##### SUPPLIED MATERIAL
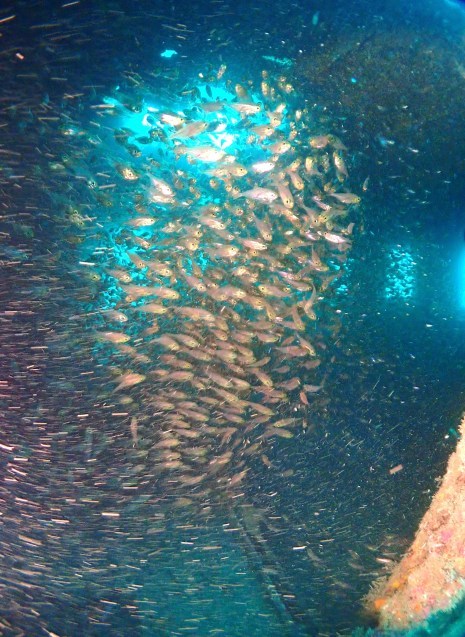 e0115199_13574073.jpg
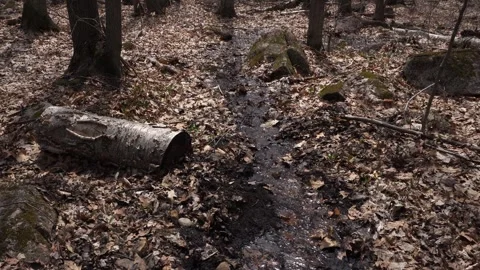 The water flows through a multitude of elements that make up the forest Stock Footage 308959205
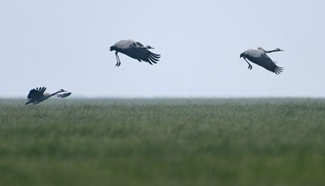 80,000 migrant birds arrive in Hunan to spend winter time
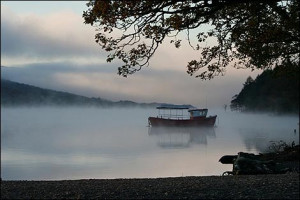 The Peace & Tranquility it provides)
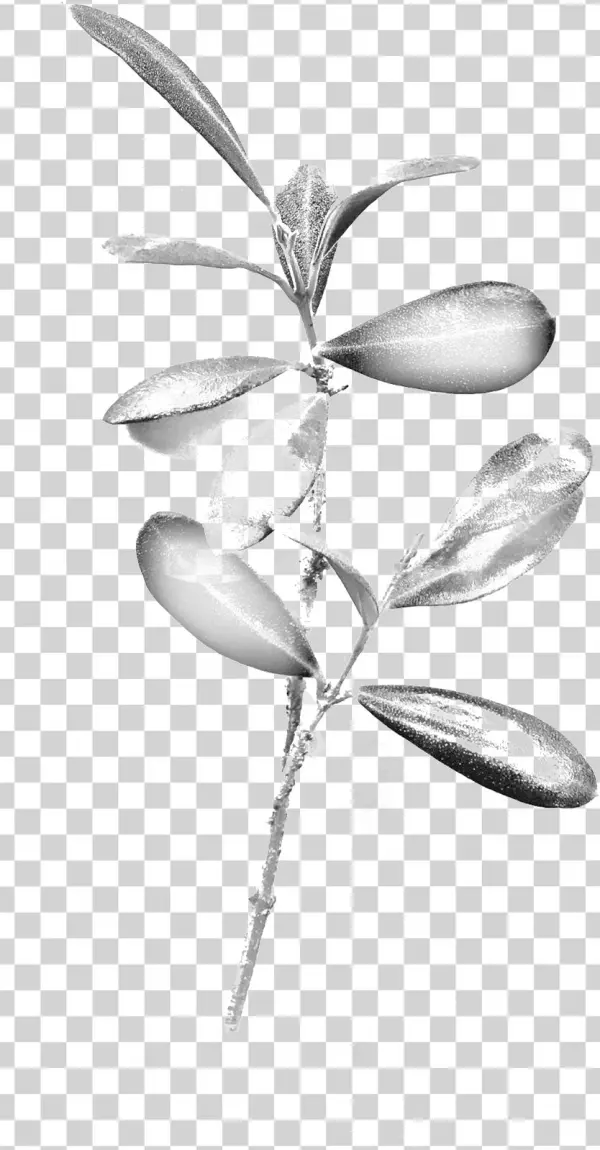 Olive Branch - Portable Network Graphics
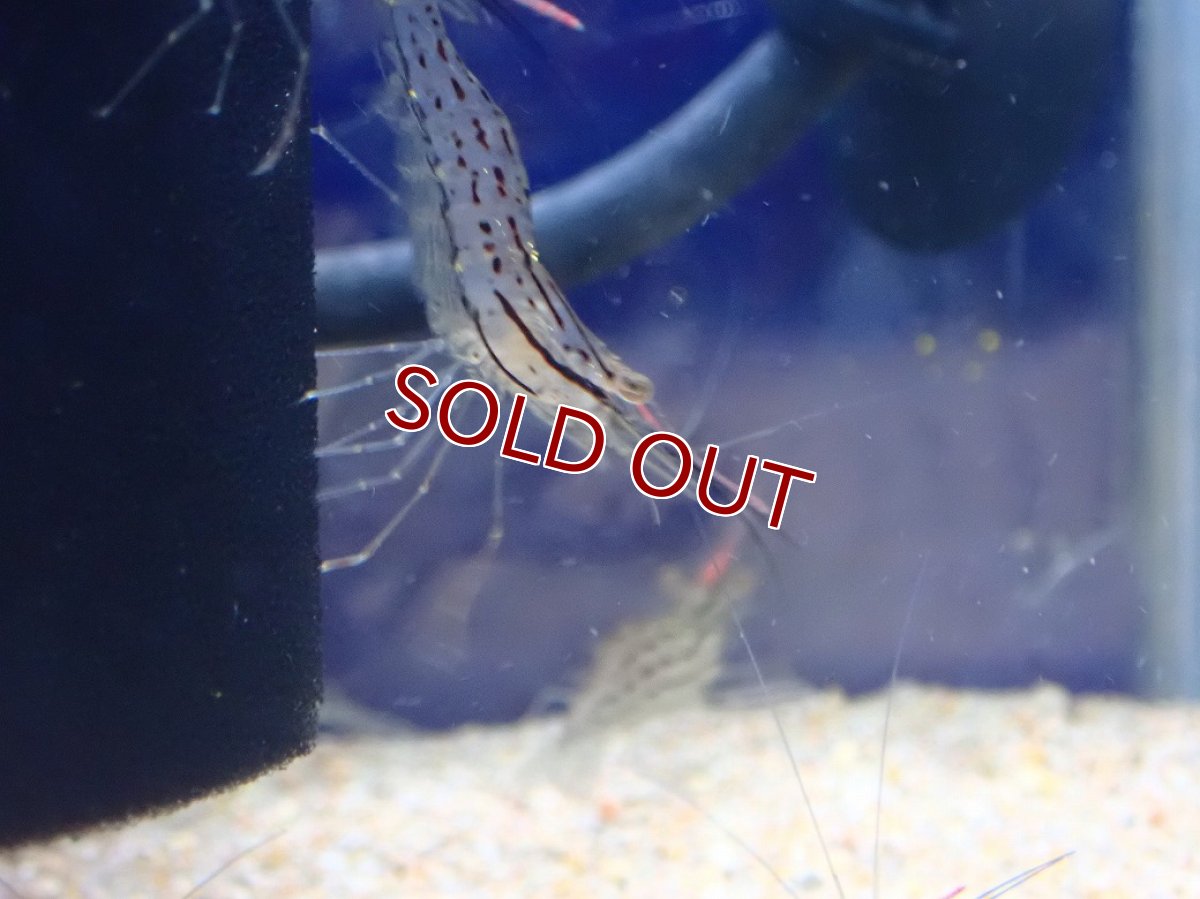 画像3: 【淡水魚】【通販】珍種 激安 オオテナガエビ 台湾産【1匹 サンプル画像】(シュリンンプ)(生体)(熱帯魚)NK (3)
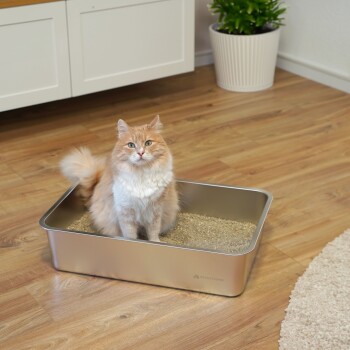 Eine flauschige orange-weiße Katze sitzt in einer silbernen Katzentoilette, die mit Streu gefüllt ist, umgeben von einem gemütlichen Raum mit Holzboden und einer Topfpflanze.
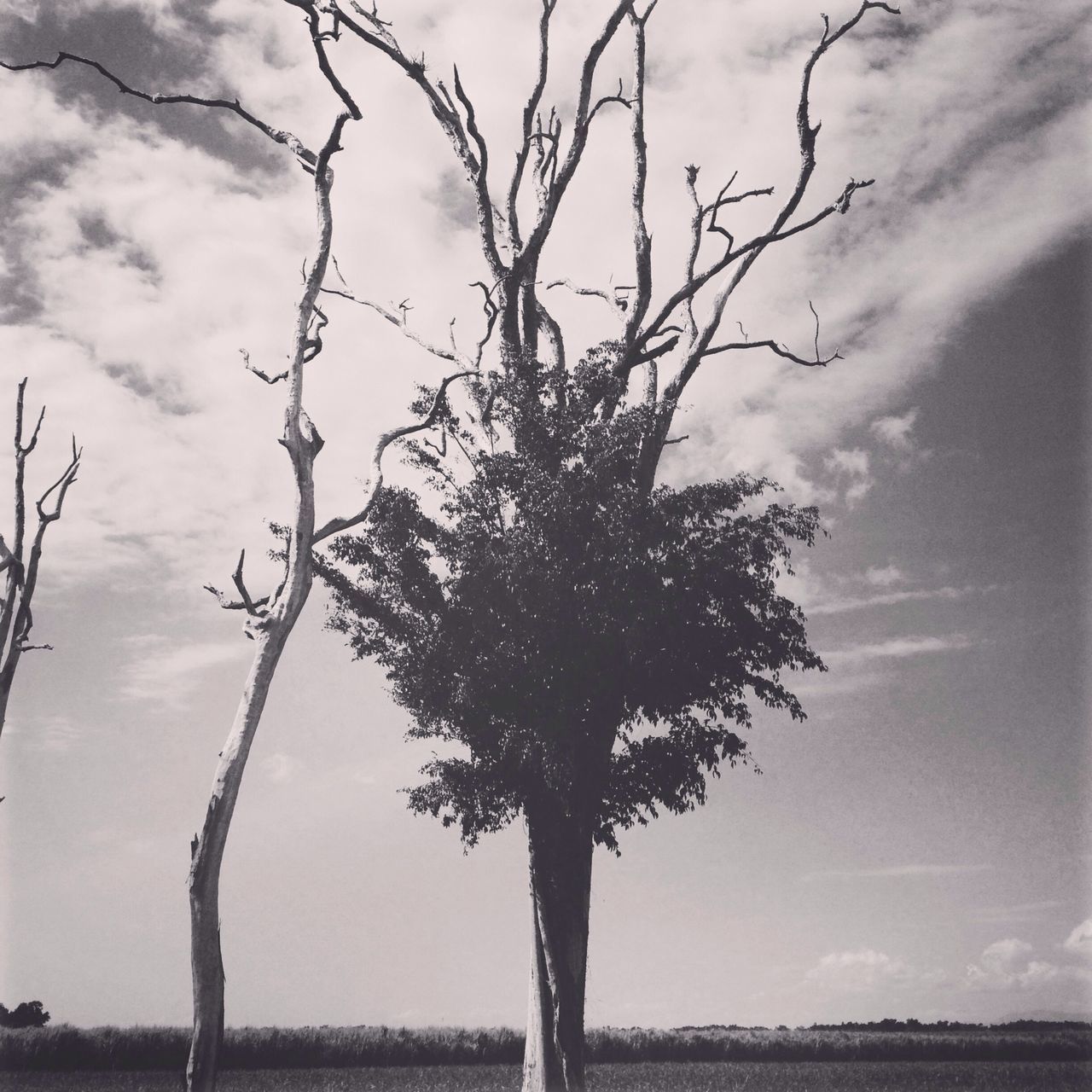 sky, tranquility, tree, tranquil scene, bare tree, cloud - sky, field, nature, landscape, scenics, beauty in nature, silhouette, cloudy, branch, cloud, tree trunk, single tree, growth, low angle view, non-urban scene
##########
WORK REQUIRED:
Restate word for word the lines above that start at the line containing "Olive Branch - Portable Network Graphics" and run to the end of the listing; exclude the pictures.

ANSWER:
 Olive Branch - Portable Network Graphics
 画像3: 【淡水魚】【通販】珍種 激安 オオテナガエビ 台湾産【1匹 サンプル画像】(シュリンンプ)(生体)(熱帯魚)NK (3)
 Eine flauschige orange-weiße Katze sitzt in einer silbernen Katzentoilette, die mit Streu gefüllt ist, umgeben von einem gemütlichen Raum mit Holzboden und einer Topfpflanze.
 sky, tranquility, tree, tranquil scene, bare tree, cloud - sky, field, nature, landscape, scenics, beauty in nature, silhouette, cloudy, branch, cloud, tree trunk, single tree, growth, low angle view, non-urban scene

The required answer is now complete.